◆ Task data

'''

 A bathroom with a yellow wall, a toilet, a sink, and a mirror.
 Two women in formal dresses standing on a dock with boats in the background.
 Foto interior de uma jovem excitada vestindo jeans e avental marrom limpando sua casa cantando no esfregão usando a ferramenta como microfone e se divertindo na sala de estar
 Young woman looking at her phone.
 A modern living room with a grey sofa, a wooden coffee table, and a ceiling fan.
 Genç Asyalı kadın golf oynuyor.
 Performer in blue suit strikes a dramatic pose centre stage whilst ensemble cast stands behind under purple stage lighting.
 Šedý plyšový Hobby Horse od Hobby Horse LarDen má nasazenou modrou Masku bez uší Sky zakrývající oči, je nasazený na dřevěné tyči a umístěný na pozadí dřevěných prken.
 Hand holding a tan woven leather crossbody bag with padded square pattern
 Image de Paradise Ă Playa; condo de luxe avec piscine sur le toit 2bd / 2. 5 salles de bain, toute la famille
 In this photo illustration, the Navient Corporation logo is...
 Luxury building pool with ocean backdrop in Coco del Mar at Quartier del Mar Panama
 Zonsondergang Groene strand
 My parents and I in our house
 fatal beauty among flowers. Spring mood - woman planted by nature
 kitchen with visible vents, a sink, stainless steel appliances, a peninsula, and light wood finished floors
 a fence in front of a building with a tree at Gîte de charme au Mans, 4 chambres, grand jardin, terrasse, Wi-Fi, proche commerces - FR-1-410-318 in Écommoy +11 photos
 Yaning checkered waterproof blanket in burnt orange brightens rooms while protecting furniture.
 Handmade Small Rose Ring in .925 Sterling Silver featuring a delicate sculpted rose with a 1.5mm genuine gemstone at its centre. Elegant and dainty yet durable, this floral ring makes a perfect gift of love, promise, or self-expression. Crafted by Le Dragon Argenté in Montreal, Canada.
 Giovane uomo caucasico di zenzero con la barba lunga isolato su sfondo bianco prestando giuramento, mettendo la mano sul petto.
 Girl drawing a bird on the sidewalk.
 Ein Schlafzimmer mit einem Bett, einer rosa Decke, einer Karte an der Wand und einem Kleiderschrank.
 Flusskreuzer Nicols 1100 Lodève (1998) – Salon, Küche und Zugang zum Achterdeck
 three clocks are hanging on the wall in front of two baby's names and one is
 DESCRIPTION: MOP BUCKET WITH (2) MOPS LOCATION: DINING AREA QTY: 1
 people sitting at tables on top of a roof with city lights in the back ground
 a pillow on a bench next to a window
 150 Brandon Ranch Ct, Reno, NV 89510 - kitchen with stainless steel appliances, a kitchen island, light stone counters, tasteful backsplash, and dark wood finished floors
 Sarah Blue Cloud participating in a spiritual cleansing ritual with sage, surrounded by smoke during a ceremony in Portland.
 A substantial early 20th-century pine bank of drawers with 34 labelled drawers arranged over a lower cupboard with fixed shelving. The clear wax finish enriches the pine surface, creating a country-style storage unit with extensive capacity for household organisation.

'''

Take from the material above the lines running from the one with "kitchen with visible" through the one with "Handmade Small Rose", and repeat them exactly, with nothing else.

 kitchen with visible vents, a sink, stainless steel appliances, a peninsula, and light wood finished floors
 a fence in front of a building with a tree at Gîte de charme au Mans, 4 chambres, grand jardin, terrasse, Wi-Fi, proche commerces - FR-1-410-318 in Écommoy +11 photos
 Yaning checkered waterproof blanket in burnt orange brightens rooms while protecting furniture.
 Handmade Small Rose Ring in .925 Sterling Silver featuring a delicate sculpted rose with a 1.5mm genuine gemstone at its centre. Elegant and dainty yet durable, this floral ring makes a perfect gift of love, promise, or self-expression. Crafted by Le Dragon Argenté in Montreal, Canada.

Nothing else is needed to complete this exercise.